_Task to carry out_
Each line below from the "1963 Complete Booklet" line through the "Waterfall Aquarium Background" line, those two included, must be restated word for word; the pictures must not be.

_Data in this exercise_
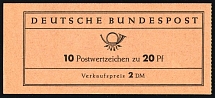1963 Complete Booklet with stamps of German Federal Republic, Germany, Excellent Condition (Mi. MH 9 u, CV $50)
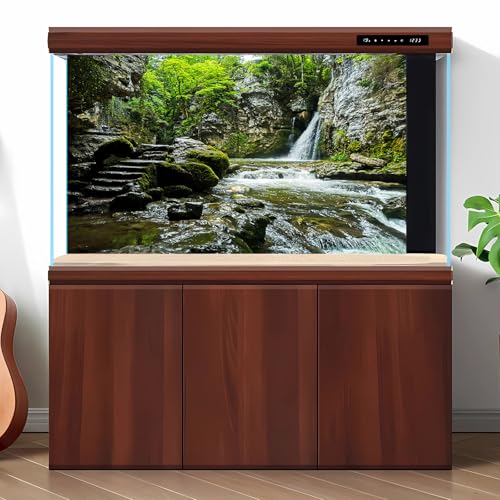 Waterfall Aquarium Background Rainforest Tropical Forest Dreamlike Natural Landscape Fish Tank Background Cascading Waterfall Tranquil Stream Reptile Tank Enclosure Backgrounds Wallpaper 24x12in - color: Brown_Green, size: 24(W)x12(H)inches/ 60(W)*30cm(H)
==
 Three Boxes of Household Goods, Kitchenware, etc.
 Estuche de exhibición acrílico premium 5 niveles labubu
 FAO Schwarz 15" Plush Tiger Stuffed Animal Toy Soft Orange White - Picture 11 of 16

_Your response_
1963 Complete Booklet with stamps of German Federal Republic, Germany, Excellent Condition (Mi. MH 9 u, CV $50)
 Waterfall Aquarium Background Rainforest Tropical Forest Dreamlike Natural Landscape Fish Tank Background Cascading Waterfall Tranquil Stream Reptile Tank Enclosure Backgrounds Wallpaper 24x12in - color: Brown_Green, size: 24(W)x12(H)inches/ 60(W)*30cm(H)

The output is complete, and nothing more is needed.